There is lots of money to be made, and investors are getting in on the action.
“It’s a tsunami compared to what was around a few years ago,” says Tom Rand, a managing partner at ArcTern Venture Capital in Toronto, and author of The Case for Climate Capitalism.
In 2020, green investments rose to $35.3-trillion U.S. in the world’s five biggest financial markets – the United States, Europe, Australasia, Japan and Canada. That sum represented more than a third of all assets in those big markets. Investments in Canada had the biggest growth – a 48 per cent increase over two years.
There is no doubt a shift is happening.
“I think we’re going to see a lot more of that capital flow towards these companies, industries and sectors that are transitioning to … net-zero,” says Tamara Close, founder of Close Group Consulting, a financial advisory firm based in Montreal.
The question is: is it fast enough?
What is green investing?
“Green investing is, in my mind, the deployment of capital, whether from individuals or institutions, primarily to resolving the conflict between economic activity and environmental harm,” says Rand.

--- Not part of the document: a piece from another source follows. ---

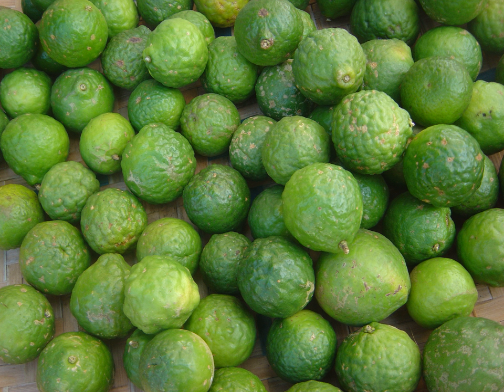Citrus hystrix is grown worldwide in suitable climates as a garden shrub for home fruit production. It is well suited to container gardens and for large garden pots on patios, terraces, and in conservatories.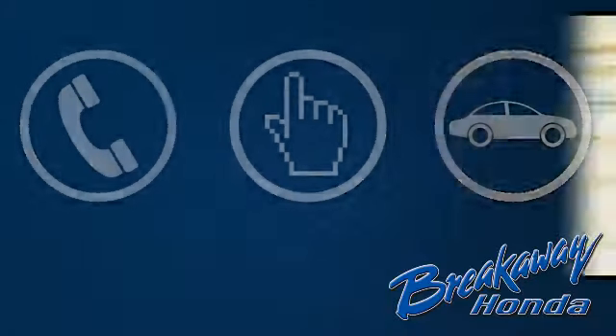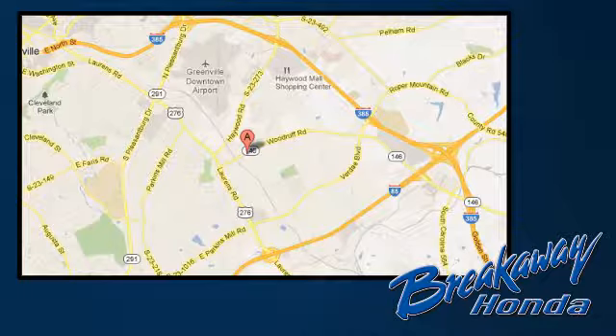Call, click, or stop in today. We're conveniently located at 330 Woodruff Road in Greenville, South Carolina.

“Ultimately,” he adds, “that means mitigating climate risk.”
This shift is happening all over Canada.
In Alberta, jobs in the clean energy sector are forecast to grow by 164 per cent this decade, according to Clean Energy Canada, a group that advocates for more renewable energy development in the country.
Atlantic Canada is witnessing its own boom in research and innovation in battery technology to power the next generation of electric vehicles.
But here’s the catch. While change is happening, it’s not happening fast enough to solve the climate crisis.
Canada is a massive resource-producing nation. Even though less than a tenth of Canadian GDP comes from oil and gas, fossil fuels power the entire global economy, including Canada’s.
He says for pension funds and the big banks to divest at a faster clip, the entire economy must shift away from fossil fuels.
“Until we get our economy to net-zero,” he says, “it’s a bit like pushing on a string.”
Environment, sustainability, governance
The good news is that the international financial sector is seeing the dollars and cents involved in a green transition — and shoveling money into green investments.
Financial heavyweights like Mark Carney, who spearheads the United Nation’s effort toward a renewable energy transition, as well as Larry Fink, who runs the world’s biggest asset management firm, are both vocal about the risk posed to financial markets from a warming planet.
But actually measuring how well a company or fund is doing when it comes to sustainability can be tricky — and greenwashing is a real problem, according to industry watchers and fund managers.
And, they caution, just because a stock or fund is ‘green’ does not guarantee that it will deliver better returns.
But what is clear, says Tamara Close, is that a shift to a non-polluting economy is “putting a lot of pressure on various sectors, various industries and certain companies to come up with a net-zero business model.”
Investors typically track a company or fund’s green ‘credentials’ using environment, sustainability and governance (ESG) metrics. There is a range of ways to assess a company’s ESG rating, from how executive compensation is tied to a company’s climate goals, to the environmental chops of its board of directors.
Though there are organizations that track environmental metrics, ESG disclosure is not a legal obligation for firms or funds in North America (in Europe, firms are starting to abide by legal rules for environmental ratings). Neither is there one set methodology or rubric for assessing a company’s ESG rating.
These are among the blind spots in assessing how sustainable a company or fund actually is. So it’s up to investors, fund managers and individual consumers to ask questions.
But, Close says that what is happening more and more is that corporate leaders are starting to see that ESG targets “are actually a driver for firm value, and for market value.”
In other words, it pays to be green.
The need for regs
Jessica Dempsey, a UBC associate professor of geography, who studies the intersection of politics and finance, says the biggest gap in green investing is the lack of regulation in the financial sector.
That public sector regulation, emphasizes Tom Rand, is critical.
“The private sector is not able to act in cohesion,” he says. “They’re all going to look after their own self-interest; it’s how they’re wired, and that’s what they have an obligation to do.”
Though there are many firms and funds that are putting money in the clean-energy economy, Rand says cohesion is required for the big shift that’s required to actually find its groove.
“When you have a band, an orchestra, you want the trumpets to play in tune with the oboe. You need a conductor. The conductor is the public sector” – meaning everything from international organizations like the World Trade Organization to national and provincial governments.
“Without a regulatory framework put in place by a public sector, it’s going to be very hard to get that massive orchestra playing in time, and playing in tune.”